There is also the issue of providing state education funds to a private institution. BSC has not received a state Education Trust Fund appropriation for the last 10 years or so. The only private schools that regularly receive state appropriations are Talladega College, Southern Preparatory Academy (Lyman Ward), and Tuskegee University, which has received an annual appropriation since 1881.

There appears to be no statute stopping the state from providing funding to BSC, but there is an issue of fairness. How many private businesses struggling post-pandemic might seek a bailout from Alabama’s government?
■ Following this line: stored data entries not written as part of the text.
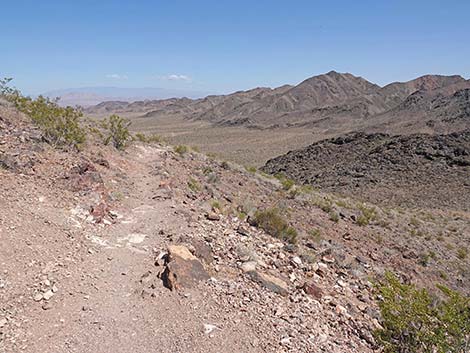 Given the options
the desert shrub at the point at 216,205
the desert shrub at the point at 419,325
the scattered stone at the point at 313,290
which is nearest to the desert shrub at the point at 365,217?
the desert shrub at the point at 216,205

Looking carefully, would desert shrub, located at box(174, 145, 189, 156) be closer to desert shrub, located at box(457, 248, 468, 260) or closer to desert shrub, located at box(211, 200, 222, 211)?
desert shrub, located at box(211, 200, 222, 211)

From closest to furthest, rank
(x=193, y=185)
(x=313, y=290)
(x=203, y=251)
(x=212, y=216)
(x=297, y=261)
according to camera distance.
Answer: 1. (x=313, y=290)
2. (x=203, y=251)
3. (x=297, y=261)
4. (x=212, y=216)
5. (x=193, y=185)

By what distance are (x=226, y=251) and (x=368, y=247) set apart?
5508 mm

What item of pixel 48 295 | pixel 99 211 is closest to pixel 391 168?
pixel 99 211

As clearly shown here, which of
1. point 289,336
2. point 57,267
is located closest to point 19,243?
point 57,267

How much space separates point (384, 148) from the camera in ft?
111

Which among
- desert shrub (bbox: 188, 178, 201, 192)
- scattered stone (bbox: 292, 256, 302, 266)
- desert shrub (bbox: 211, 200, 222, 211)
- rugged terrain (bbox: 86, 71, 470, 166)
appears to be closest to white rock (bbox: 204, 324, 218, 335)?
scattered stone (bbox: 292, 256, 302, 266)

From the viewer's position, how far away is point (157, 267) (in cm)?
636

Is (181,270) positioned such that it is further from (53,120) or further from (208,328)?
(53,120)

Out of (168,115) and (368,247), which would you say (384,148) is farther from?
(168,115)

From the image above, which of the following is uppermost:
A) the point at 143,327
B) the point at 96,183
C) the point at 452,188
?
the point at 96,183

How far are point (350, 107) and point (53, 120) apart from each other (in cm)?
7931

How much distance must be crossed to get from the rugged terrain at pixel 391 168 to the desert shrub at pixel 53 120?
17.3m

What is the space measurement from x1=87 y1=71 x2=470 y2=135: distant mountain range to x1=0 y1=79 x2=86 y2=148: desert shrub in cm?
4152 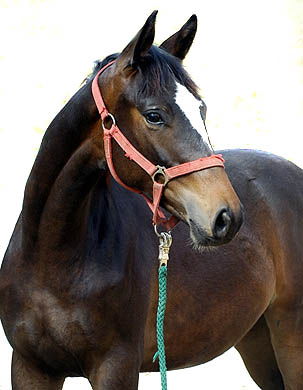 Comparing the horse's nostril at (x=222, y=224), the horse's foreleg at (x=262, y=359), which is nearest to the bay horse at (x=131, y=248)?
the horse's nostril at (x=222, y=224)

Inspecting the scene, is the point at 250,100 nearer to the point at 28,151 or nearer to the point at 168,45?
the point at 28,151

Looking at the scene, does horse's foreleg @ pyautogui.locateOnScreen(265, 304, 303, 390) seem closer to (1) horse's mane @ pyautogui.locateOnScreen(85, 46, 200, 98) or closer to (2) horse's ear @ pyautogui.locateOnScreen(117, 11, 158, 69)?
(1) horse's mane @ pyautogui.locateOnScreen(85, 46, 200, 98)

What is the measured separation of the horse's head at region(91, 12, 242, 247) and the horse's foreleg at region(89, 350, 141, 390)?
26.6 inches

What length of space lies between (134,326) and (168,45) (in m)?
1.14

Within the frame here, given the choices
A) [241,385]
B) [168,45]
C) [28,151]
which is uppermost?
[168,45]

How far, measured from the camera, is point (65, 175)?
10.1 ft

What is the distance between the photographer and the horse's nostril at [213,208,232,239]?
2568 mm

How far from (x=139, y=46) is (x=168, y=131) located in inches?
12.9

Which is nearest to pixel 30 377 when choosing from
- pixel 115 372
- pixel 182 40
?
pixel 115 372

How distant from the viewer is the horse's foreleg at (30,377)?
3320 mm

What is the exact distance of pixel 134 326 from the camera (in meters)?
3.17

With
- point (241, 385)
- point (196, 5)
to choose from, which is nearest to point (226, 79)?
point (196, 5)

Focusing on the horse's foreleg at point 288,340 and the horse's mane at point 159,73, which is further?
the horse's foreleg at point 288,340

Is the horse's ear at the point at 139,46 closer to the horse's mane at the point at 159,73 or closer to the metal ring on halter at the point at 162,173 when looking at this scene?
the horse's mane at the point at 159,73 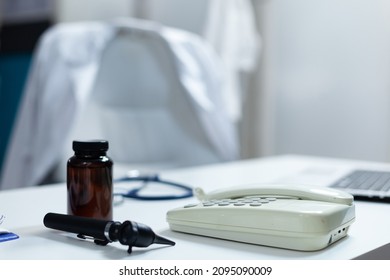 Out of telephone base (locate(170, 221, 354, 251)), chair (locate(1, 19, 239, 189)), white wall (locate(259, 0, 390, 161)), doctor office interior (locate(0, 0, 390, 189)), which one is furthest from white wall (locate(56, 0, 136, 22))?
telephone base (locate(170, 221, 354, 251))

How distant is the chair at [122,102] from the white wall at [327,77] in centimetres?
72

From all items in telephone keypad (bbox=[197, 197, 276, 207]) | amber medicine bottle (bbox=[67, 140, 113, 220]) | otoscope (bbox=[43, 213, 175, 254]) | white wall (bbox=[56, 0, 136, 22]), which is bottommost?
otoscope (bbox=[43, 213, 175, 254])

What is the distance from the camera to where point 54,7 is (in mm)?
2527

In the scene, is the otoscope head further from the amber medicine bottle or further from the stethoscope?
the stethoscope

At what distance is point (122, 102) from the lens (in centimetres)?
195

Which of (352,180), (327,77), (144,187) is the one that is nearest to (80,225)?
(144,187)

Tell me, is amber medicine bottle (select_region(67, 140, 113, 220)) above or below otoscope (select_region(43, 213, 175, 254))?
above

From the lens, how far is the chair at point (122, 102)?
1.71 metres

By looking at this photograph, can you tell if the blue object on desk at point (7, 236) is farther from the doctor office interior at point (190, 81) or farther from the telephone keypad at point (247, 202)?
the doctor office interior at point (190, 81)

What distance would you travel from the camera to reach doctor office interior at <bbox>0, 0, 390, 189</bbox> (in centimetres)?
179

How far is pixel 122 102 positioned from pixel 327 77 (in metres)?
1.10

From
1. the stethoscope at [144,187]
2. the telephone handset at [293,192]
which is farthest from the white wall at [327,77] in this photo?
the telephone handset at [293,192]

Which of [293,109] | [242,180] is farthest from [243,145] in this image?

It would be up to the state to use your taxpayer dollars to pick the winners and losers, causing already record-high budgets to swell.

While having a diverse range of educational opportunities benefits the state, BSC’s survival would more directly impact local communities. What have these local entities done to help?

Birmingham received over $140 million in ARPA money, the majority of which is already allocated. There is no record of any of that money going towards BSC. Jefferson County received an additional $127.9 million in ARPA funding. Again, none of that money has gone towards providing relief to BSC. Meanwhile, the City of Birmingham and Jefferson County committed at least $6.5 million in ARPA funds towards cancelling debt of World Games 2022.

Some of the causes for BSC’s current economic struggles were self-inflected, while others were somewhat out of its control. There is little debate that BSC provides value to Birmingham, Jefferson County, and the broader region. It should be up to those local governments and the citizens they represent to determine what that value is worth.